I Challenge Any Lawmaker to Walk A Day In Our Shoes

I am a single young woman without any children, so I can only imagine the hardships families and single parents are now encountering with this pay freeze. I myself had to give up my independence and move back in with my parents because I simply couldn’t make ends meet anymore with my salary coming in (minus TSP, life insurance, health insurance etc. – almost 1/2 of my pay check is gone before I even see it) and student loans, rent, utilities, car insurance and maintenance, food, toiletries, other household expenses, etc going out. Knowing how this pay freeze has affected me, I can’t sympathize enough with the families who have young children who are struggling even more than I am.

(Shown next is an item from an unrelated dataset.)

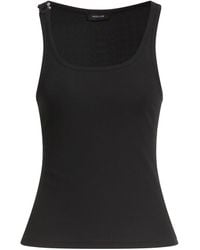Mugler - Tank Top - Lyst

None of these lawmakers have any idea what a typical field office worker endures day after day with an increasingly violent and dissatisfied public. To add insult to injury, they freeze our pay. I know we don’t make as much as we could in the private sector, and I am content with that as we do a major service to the public; however, to not give federal civilian employees their due for the harassment and attitudes we suffer with is a major blow to our morale. Now, with the talk of cutting back staffing to 2008 levels, our public will be even less satisfied with our services. Hearings backlogs will become astronomical again, disability processing times will increase, and important, time-sensitive post-entitlement material will not be processed as timely as it should be.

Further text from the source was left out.